En 1958, elle est parmi les premières femmes camerounaises à se lancer en solo dans la chanson. Les morceaux, qu'elle écrit et compose, s'inspirent autant de la variété internationale que des rythmes ancestraux de son pays ou des negro-spirituals. Très appréciée du public camerounais, elle devient rapidement la “Voix d'or du Cameroun”. Sa carrière internationale commence en 1968 à Paris, où elle enregistre un disque avec Gilbert Bécaud et signe un contrat pour trois albums avec la maison de disques Pathé Marconi. Dès lors, Anne Maris Nzié se produit sur les plus prestigieuses scènes d'Afrique : galas à Libreville, Festival culturel panafricain d'Alger (1969), Semaine culturelle camerounaise de Dakar (1975), Festac de Lagos (1977)… Elle est, avec son compatriote Eboa Lottin, l'artiste préférée du président Ahidjo, dont elle aura plus d'une fois l'occasion d'apprécier les largesses. Pour autant, elle n'a jamais vécu la vie des stars. N'ayant elle-même jamais pu donner la vie, elle entretient une famille élargie à la seconde femme et aux sept enfants de son mari, ainsi qu'aux musiciens de son orchestre. Dans son pays, on la considère comme un modèle d'artiste et elle a inspiré plusieurs générations de musiciens.

Le grand retour
En 1979, on lui confie l'enseignement vocal dans l'Orchestre national du Cameroun. Fini l'époque florissante des galas. Devenue quinquagénaire, la “Maman” pense à se retirer dans son village.

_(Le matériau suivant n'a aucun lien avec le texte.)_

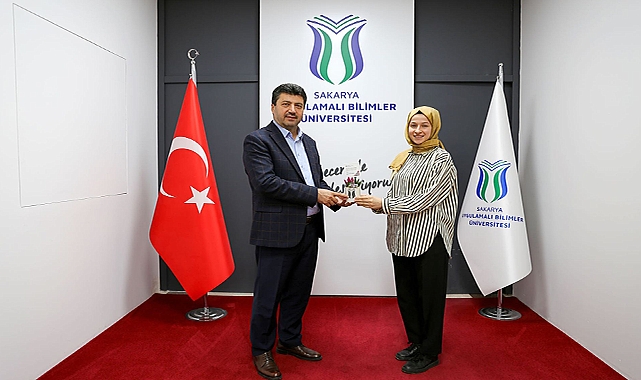 Rektör Sarıbıyık Kadın Personelin Gününü Kutladı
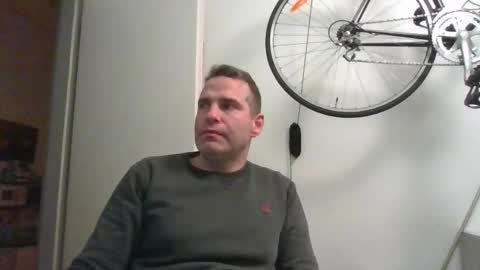 idontknowwhy1 online show from January 4, 2025, 7:13 pm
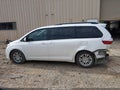 2015 Toyota Sienna — photo 14 of 16 | VIN 5TDYK3DCXFS616152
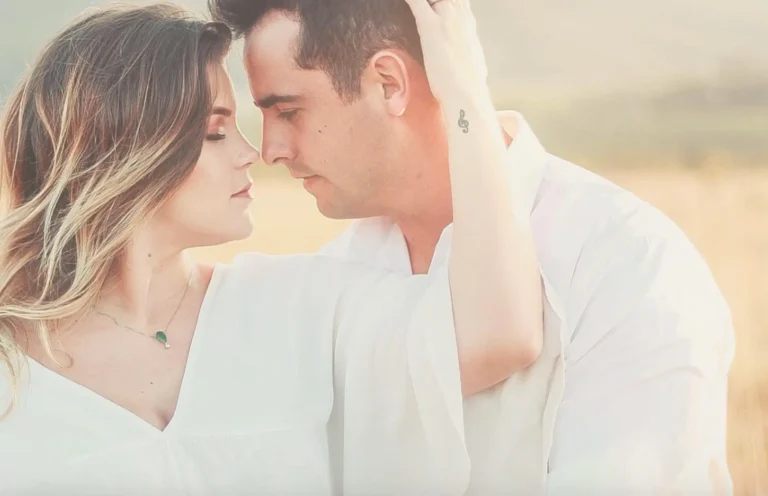 Deep Soulful Love ~ How To Give Him Space Without Losing Him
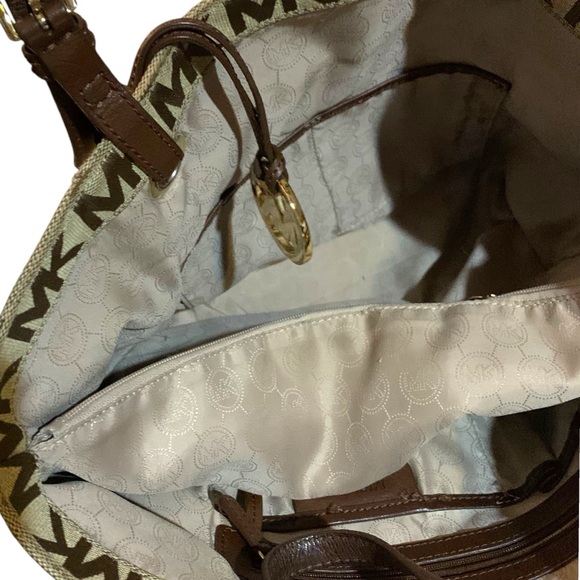Michael Kors Tan Canvas multi pocket tote with leather trim - Picture 6 of 10
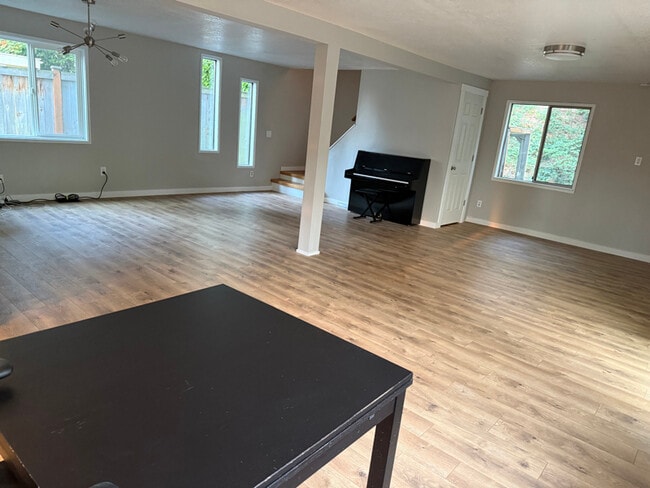 Building Photo - 900 Ferndale Cir NE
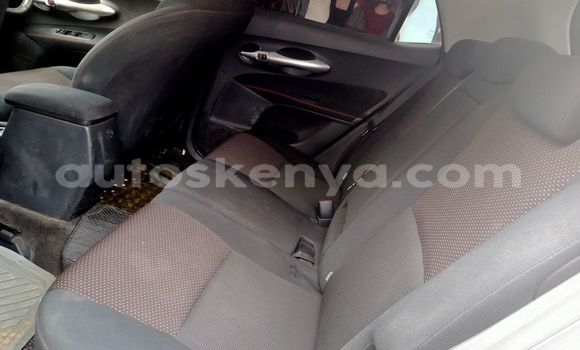Nunua Ilio tumika Toyota Auris Nyeupe Gari ndani ya Mombasa nchini Kenya ya Pwani Nunua Ilio tumika Toyota Auris Nyeupe Gari ndani ya Mombasa nchini Kenya ya Pwani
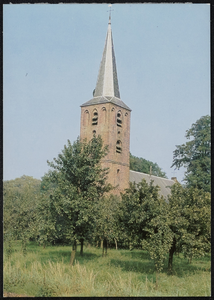  De toren van de Nederlandse-hervormde kerk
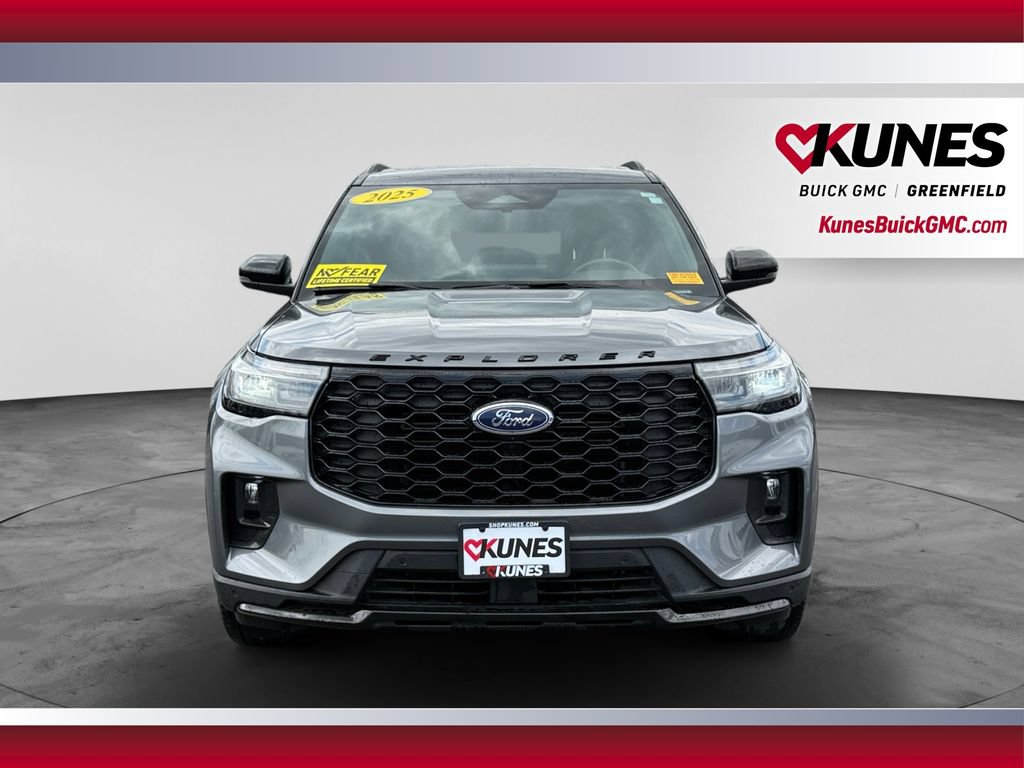 Used 2025 Ford Explorer ST-Line AWD/4WD image 4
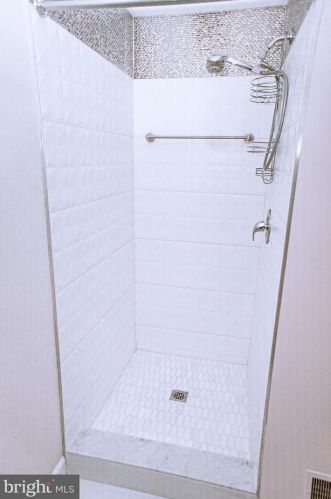 15301 Manor Village Ln, Rockville MD 20853-1820 exterior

Le succès de son album “Liberté”, paru en 1984, relance brièvement sa carrière, qui connaît des éclipses de plus en plus longues. En 1996, la chanteuse est au bord de la misère, lorsque René Ayina, homme de radio, décide de remettre en scène celle dont le public ne s'est jamais lassé. L'année suivante, le public du Centre culturel français de Yaoundé réserve un accueil exceptionnel à la chanteuse. Anne Marie peut en être certaine, il ne l'a pas oubliée. Christian Mousset, directeur du festival Musiques métisses d'Angoulême, est subjugué et décide de programmer la “Maman” pour son édition 1998. Il profite de son voyage en France pour lui faire enregistrer, sur son label Indigo, un premier disque compact dont la sortie est prévue cette automne. Les premiers concerts européens de la vieille dame ont montré qu'elle dispose de sérieuses ressources pour relancer sa carrière internationale.